Beijing, which has long played an observer role in Middle East peace efforts, has used the the rotating presidency of the Security Council to spotlight Washington’s reluctance to condemn Israel. Foreign Minister Wang Yi urged the U.S. to “shoulder its due responsibilities,” while a ministry spokesman said Washington “only seeks selfish interests.”
The attacks underscored how quickly any international dispute, including the decades-old stalemate over the Gaza Strip, can become entangled in the strategic struggle between the U.S. and China. For Beijing, the crisis provides an opportunity to counter President Joe Biden’s criticism of the treatment of its own Muslim minority in the region of Xinjiang.
Still, Beijing’s historical support for the Palestinian cause and Israeli’s reliance on U.S. backing complicates its efforts to play a serious mediating role. In 2013, Xi sought unsuccessfully to broker a meeting between Netanyahu and Palestinian Authority President Mahmoud Abbas in Beijing.
“The Arab world and Islamic countries all appreciated China’s commitment to international rules and equity and justice,” Chinese Foreign Ministry spokesman Zhao Lijian told a regular news briefing Wednesday in Beijing. He urged the U.S. to support “de-escalation, rebuilding trust and a political settlement.”A “four-point proposal” that Wang presented to the UN on Sunday, which was similar to other mediation plans put forward by China over the years, has so far failed to entice Israel. And by championing the cause of Israeli’s critics -- and using the crisis to attack the U.S. -- Beijing risked undercutting its value as a more neutral mediator.

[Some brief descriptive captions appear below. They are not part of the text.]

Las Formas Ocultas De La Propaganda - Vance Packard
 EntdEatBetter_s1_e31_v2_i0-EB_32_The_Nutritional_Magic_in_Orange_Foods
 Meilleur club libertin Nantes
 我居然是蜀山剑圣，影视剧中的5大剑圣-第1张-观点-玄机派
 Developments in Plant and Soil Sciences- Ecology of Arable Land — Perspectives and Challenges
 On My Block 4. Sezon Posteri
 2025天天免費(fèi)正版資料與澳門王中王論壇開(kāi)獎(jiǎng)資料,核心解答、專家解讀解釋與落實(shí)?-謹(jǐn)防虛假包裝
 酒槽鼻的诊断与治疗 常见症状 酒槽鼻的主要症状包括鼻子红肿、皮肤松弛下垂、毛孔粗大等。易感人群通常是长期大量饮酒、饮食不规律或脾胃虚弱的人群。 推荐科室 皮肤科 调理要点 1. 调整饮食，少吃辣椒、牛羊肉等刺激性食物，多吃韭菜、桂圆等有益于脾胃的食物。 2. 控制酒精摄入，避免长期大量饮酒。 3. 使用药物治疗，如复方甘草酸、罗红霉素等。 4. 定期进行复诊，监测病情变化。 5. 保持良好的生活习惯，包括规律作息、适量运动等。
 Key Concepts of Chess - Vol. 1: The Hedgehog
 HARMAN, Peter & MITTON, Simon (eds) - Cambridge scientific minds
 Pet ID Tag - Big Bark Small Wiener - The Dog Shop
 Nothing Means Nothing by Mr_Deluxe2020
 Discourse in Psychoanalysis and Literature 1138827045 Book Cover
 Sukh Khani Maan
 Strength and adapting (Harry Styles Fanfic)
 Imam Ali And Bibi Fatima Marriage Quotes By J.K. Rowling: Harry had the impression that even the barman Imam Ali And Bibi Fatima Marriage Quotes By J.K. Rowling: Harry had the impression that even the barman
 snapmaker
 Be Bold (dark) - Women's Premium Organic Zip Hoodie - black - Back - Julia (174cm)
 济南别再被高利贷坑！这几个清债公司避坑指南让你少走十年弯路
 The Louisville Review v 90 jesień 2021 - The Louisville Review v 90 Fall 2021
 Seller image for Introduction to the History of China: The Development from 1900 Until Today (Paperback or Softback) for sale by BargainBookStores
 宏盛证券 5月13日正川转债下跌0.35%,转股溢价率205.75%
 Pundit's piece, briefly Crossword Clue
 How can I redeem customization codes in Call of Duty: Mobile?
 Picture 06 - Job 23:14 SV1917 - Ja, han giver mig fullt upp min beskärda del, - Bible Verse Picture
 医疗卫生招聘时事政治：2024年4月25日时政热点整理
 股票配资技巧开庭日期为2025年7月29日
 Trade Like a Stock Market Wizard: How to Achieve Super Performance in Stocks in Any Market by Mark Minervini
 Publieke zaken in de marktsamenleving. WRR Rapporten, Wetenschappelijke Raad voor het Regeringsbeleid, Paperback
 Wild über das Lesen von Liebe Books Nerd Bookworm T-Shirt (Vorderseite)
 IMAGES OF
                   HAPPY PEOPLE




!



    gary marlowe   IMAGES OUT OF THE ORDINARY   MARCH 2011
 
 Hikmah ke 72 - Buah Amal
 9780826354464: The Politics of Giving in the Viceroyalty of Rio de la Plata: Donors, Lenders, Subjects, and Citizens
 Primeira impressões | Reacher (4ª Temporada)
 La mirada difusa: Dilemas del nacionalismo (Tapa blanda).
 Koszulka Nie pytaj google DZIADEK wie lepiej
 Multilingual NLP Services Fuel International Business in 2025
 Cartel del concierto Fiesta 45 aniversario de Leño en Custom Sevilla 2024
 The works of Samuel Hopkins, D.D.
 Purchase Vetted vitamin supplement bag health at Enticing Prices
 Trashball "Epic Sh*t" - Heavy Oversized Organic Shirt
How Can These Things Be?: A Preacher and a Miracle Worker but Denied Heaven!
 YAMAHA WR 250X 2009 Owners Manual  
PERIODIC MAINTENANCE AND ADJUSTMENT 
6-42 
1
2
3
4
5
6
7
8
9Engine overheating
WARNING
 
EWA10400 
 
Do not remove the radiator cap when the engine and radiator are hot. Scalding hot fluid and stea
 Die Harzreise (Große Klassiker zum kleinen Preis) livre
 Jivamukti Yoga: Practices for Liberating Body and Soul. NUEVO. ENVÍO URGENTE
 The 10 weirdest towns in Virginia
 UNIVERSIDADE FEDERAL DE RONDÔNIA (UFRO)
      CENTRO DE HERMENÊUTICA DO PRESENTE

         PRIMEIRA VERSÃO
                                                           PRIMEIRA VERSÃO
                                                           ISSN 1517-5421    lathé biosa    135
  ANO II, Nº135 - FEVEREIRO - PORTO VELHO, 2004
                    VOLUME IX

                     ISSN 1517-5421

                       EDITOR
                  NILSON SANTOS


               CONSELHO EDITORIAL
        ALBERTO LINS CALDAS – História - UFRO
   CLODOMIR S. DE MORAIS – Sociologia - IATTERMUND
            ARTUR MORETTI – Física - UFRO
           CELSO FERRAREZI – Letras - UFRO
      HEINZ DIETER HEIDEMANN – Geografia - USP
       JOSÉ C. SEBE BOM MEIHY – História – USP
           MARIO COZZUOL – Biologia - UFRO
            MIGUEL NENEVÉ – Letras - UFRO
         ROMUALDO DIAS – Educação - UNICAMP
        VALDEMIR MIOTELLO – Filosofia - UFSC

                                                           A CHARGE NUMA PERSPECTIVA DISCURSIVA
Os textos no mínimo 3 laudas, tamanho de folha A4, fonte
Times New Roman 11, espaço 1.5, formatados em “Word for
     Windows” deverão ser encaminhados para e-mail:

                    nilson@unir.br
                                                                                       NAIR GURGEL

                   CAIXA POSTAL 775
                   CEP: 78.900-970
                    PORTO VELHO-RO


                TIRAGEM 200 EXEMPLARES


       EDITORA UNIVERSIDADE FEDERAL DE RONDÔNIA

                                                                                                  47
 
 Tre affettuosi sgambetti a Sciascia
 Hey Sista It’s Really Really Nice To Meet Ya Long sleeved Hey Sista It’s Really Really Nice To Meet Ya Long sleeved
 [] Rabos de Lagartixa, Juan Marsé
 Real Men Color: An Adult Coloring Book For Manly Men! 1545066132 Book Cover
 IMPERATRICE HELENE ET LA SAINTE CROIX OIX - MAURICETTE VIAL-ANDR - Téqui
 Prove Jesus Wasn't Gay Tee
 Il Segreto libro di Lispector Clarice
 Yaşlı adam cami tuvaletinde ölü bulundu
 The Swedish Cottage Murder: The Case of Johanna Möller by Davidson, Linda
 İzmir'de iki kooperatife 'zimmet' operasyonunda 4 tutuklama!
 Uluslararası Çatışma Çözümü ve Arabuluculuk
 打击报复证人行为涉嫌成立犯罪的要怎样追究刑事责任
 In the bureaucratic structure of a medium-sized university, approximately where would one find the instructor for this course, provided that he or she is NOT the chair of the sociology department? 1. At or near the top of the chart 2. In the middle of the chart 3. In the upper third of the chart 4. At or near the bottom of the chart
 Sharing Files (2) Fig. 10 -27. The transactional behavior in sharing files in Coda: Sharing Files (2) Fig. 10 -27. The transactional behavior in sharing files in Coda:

The fight, however, does serve an immediate purpose for China: Countering calls for international sanctions and a boycott of the Winter Olympics next year in Beijing over its domestic human rights policies. Chinese diplomats have sought to highlight what they see as Western hypocrisy as part of a broader effort to challenge “U.S. discourse hegemony.”
The U.S., European Union and U.K. have placed sanctions on Chinese officials and goods over alleged human-rights abuses against Uyghurs in Xinjiang, which the Biden administration has said amounts to genocide. China denies any forced labor, calling it the “biggest lie of the century,” and says its policies are lifting the region out of poverty, boosting the economy and countering extremism.
China is signaling support to Arab nations that have generally backed its practices in Xinjiang, one Western diplomat in Beijing said. Having broad support from these countries is helpful at a time when China faces a barrage of criticism from abroad, the diplomat said.
At the same time, that won’t help much in resolving the broader conflict between Israel and Palestine.